The gyr's were one of three original breeds that were used to make the american brahma though.


----------



## Cat (Jun 19, 2004)

Up North ... did you see that bull listed on Craigslist? I had to go look them after I saw that posting. They're almost too cute to be cows. I thought brahma were cute. Those calves are cute enough to wanna cuddle!


----------



## Up North (Nov 29, 2005)

gone-a-milkin said:


> To me the calves kind of look like nubian goats...
> 
> 
> cool looking beasts.


That's what we said too! ...LOL


----------



## Up North (Nov 29, 2005)

Cat said:


> Up North ... did you see that bull listed on Craigslist? I had to go look them after I saw that posting. They're almost too cute to be cows. I thought brahma were cute. Those calves are cute enough to wanna cuddle!

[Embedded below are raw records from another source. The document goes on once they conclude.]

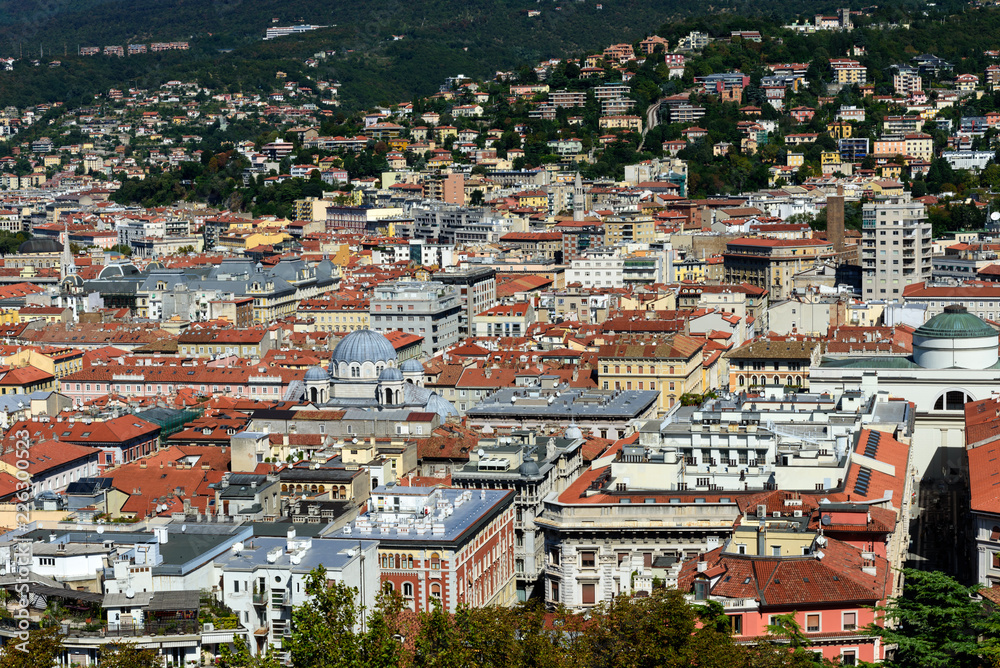 Obraz premium View of View of Trieste City Center, Italy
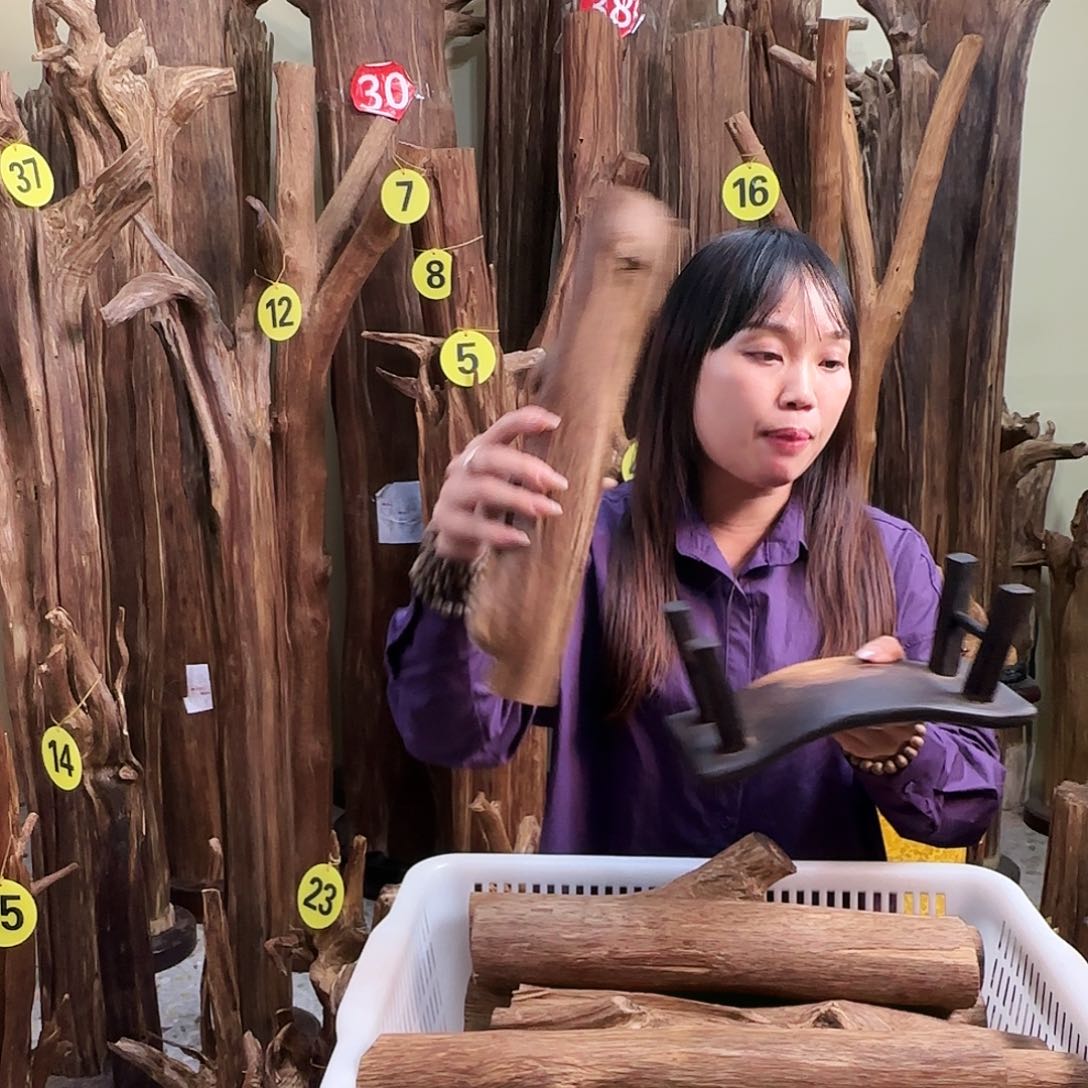 沉香沉香碎屑天然沉香原材料香料熏料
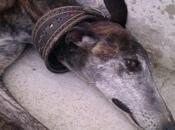 Amber, princesa busca acogida adopción. (madrid)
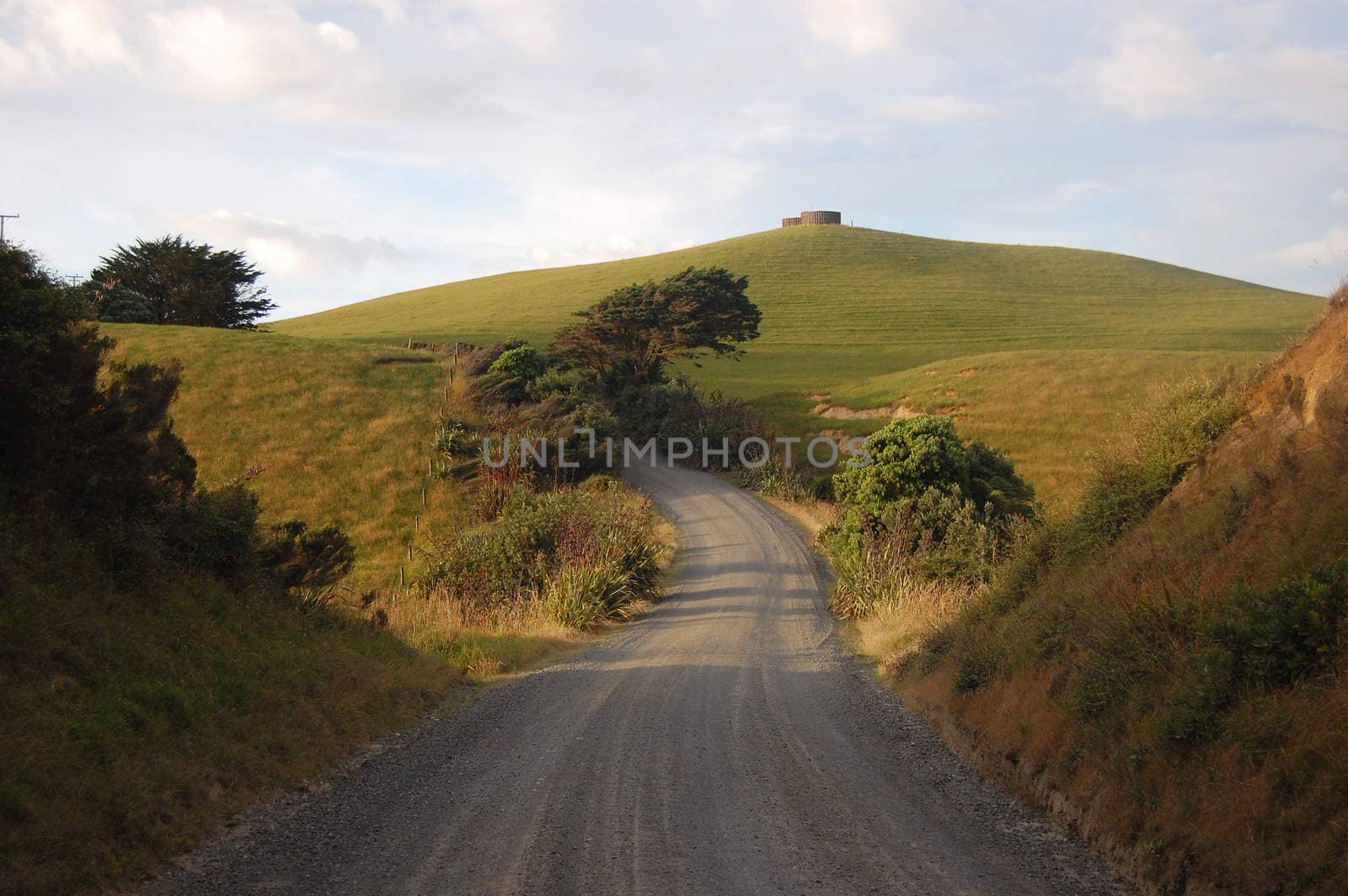 Gravel road at rural area New Zealand by danemo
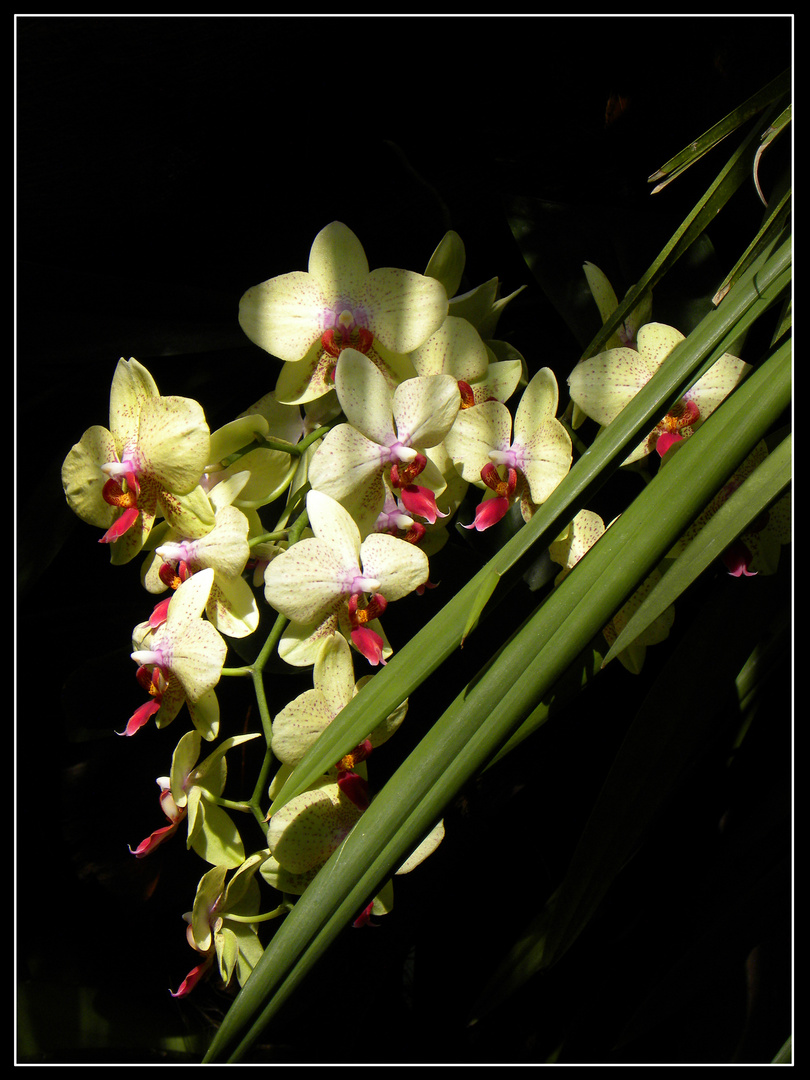 Orchidee - Orchideenausstellung auf der Insel Mainau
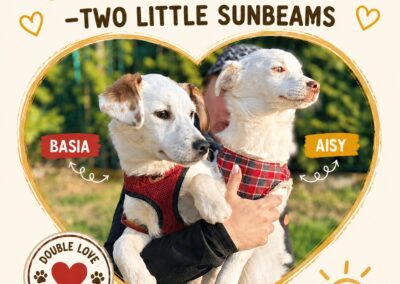 Aisy & Basia -7.5-month-old small girls- Ukraine war dog-arrival 26 June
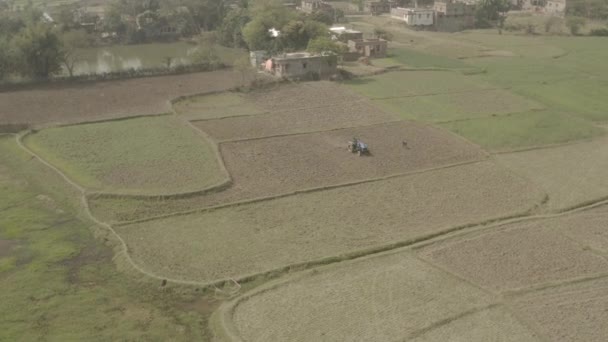 India Pittoreschi Bellissimi Campi Agricoli Filmati Drone Aerea — Video Stock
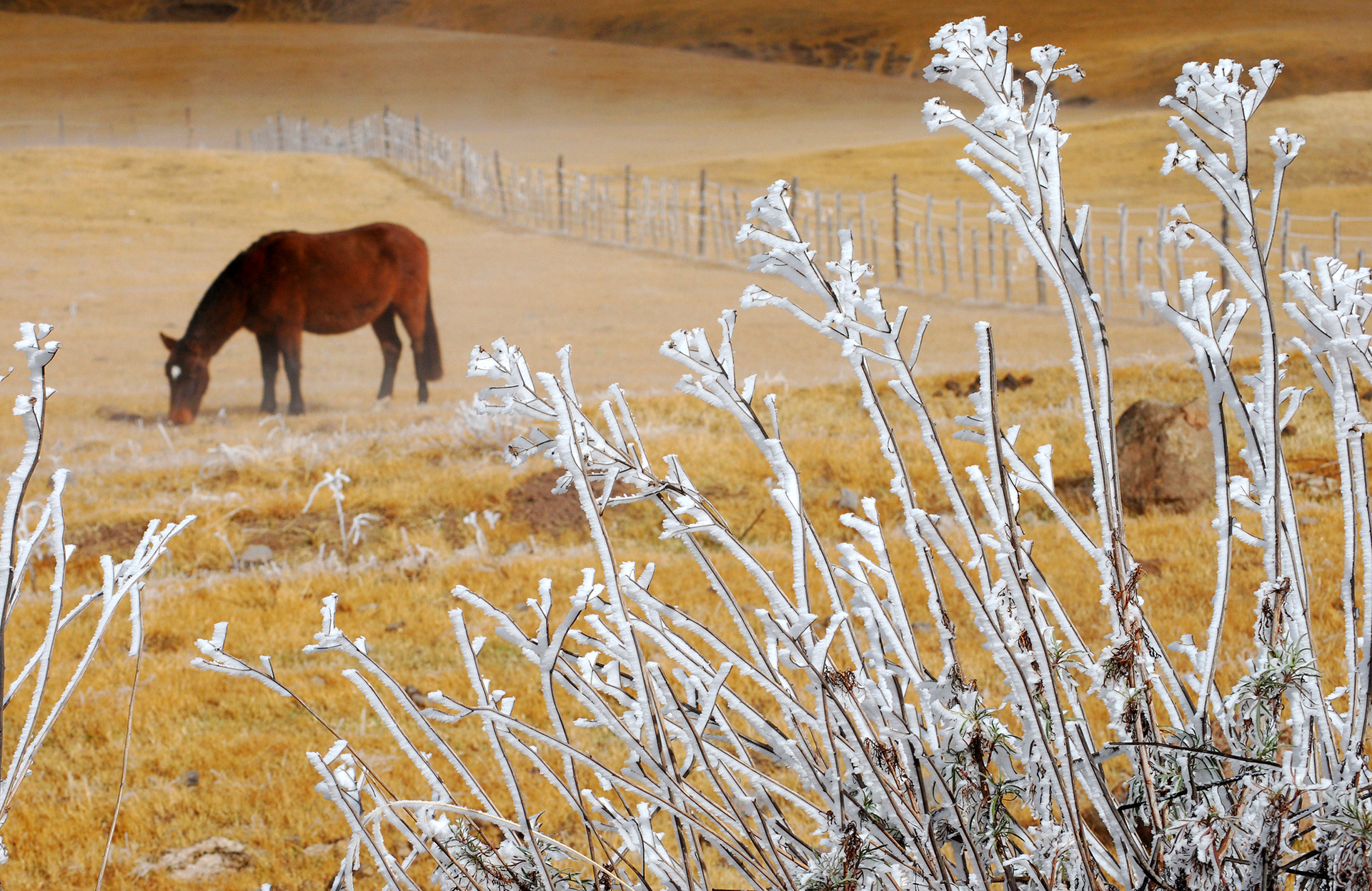 📍Tafi del Valle, ARG.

Yes, saw the listing. I like the Airplane wing ears on the Angus/Gyr F1 crosses .


----------



## tyusclan (Jan 1, 2005)

Back when I was growing up in the 70's a lot of folks around here were putting Brahman bulls on their cows to get the heat and insect resistance. There were several purebred breeders around as well. Hardly ever even see one any more.

Anything from 1/4 to 3/8 still helps with the resistance, but sells okay at the auctions. Any more "ear" than that and the desirability starts going down.

I think one drawback that caused the decline in popularity is that the Indicus breeds mature quite a bit later than the Taurus cattle. They're also a little more difficult to "finish".


----------



## Cat (Jun 19, 2004)

When I was processing cattle those with the brahma influence were much loved for their ears! MUCH easier to implant & tag! They were few and far between, unfortunately.


----------